Enzo wanted to bear him up to his bedchamber where he might lay in comfort. Instead he brought him to the kitchen, where all but the cook had cleared out, and the bare table in the midst of the room still steamed from the cauldron of scalding-hot water flung over its wooden boards.

Dr. Venier and Dr. Malvestio awaited him there, their instruments already set out on the counter. Enzo returned their greetings with a bare nod and laid Fiore down on the table. The cook passed him a clean towel to cushion Fiore’s head. His already small and slight form appeared still more fragile and frail compared to the enormous length of the table. A pang of reluctance struck Enzo’s already-bleeding heart as he let his arms slip out from beneath Fiore’s body.

“You may leave us,” Dr Venier told him as he straightened.

Enzo served her a blank look. To leave his Fiore’s side now was unthinkable.

Dr Venier stood firm. “The risk of infection is high enough already, given where you dredged him up.”

“I can help,” Enzo protested. Though he hadn’t attained his degree, he’d come near enough to make him a competent nurse at the very least.

Dr Venier held his gaze with a hard stare. “Can you?”
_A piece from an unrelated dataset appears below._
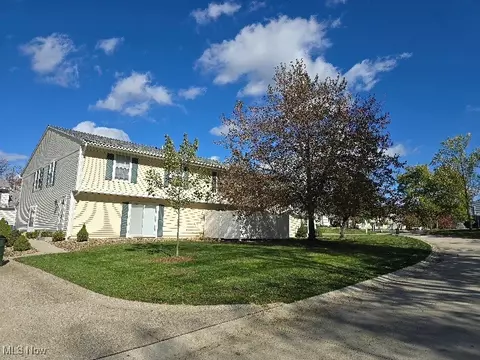 10342 Independence Dr #21B, North Royalton, OH 44133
Enzo knew not what she meant by it. He’d opened his mouth to demand an explanation when a soft whimper resounded like a thunderclap in his ears. He whipped his head ‘round to see Fiore still laid out on the bed, pale and trembling, with Dr. Malvestio delicately drawing up his shirt to reveal the two crimson punctures in the scarlet-smeared hollow of his stark-white sunken belly.
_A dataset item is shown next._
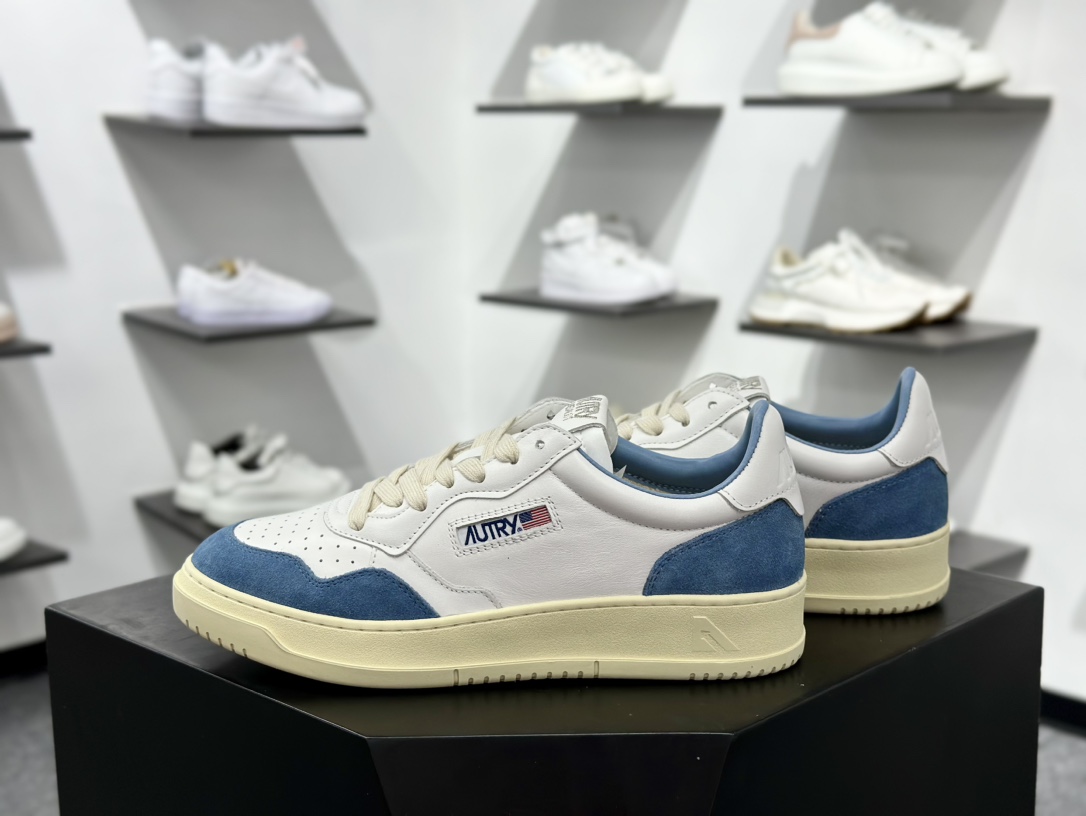 Autry Medalist Suede And Leather Low 获奖者系列低帮复古百搭休闲运动板鞋“皮革白绿尾” AULW-LL20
Enzo had anatomized at least a dozen corpses by his own hand at university. He’d watched the dissection of a hundred more. In the dueling society, he’d spilled blood from scores of his fellow students.

Yet to see those crimson punctures in Fiore’s pale flesh staggered him.

He thought of taking a scalpel to their corners to open the wounds up far enough to repair the damaged organ deeper within. He imagined piercing his entrails with needle and thread over and over to suture the ragged edges back together. He envisioned how Fiore’s flesh would recoil from the sting of carbolic acid spray. It sorely tried his nerves—but he’d stuck by Fiore throughout his appendectomy, and even if he couldn’t hold the scalpel or needle himself, he could at least do something. He turned to Dr Venier.

But before he could speak, a maid appeared in the kitchen doorway.

“Begging your pardon, m’lord,” she said, her eyes wide at his evident impatience for her interruption. She ducked her head in a curtsey. “The prince would speak with you.”

Enzo stared at her in disbelief. “Tell her to wait.”

The stunned silence that greeted his command did not dissuade his course. He couldn’t read the chirurgeons’ faces beneath their masks, but both their beaks turned in his direction. The cook raised her brows, which was more animation than Enzo had seen in her countenance in all his days. And the maid, poor girl, looked frankly terrified. Enzo didn’t envy her position—caught between a duke and a prince—but nor did he let it sway him. On another night compassion might have moved him. Tonight he had none to spare and held her gaze until she fled the room.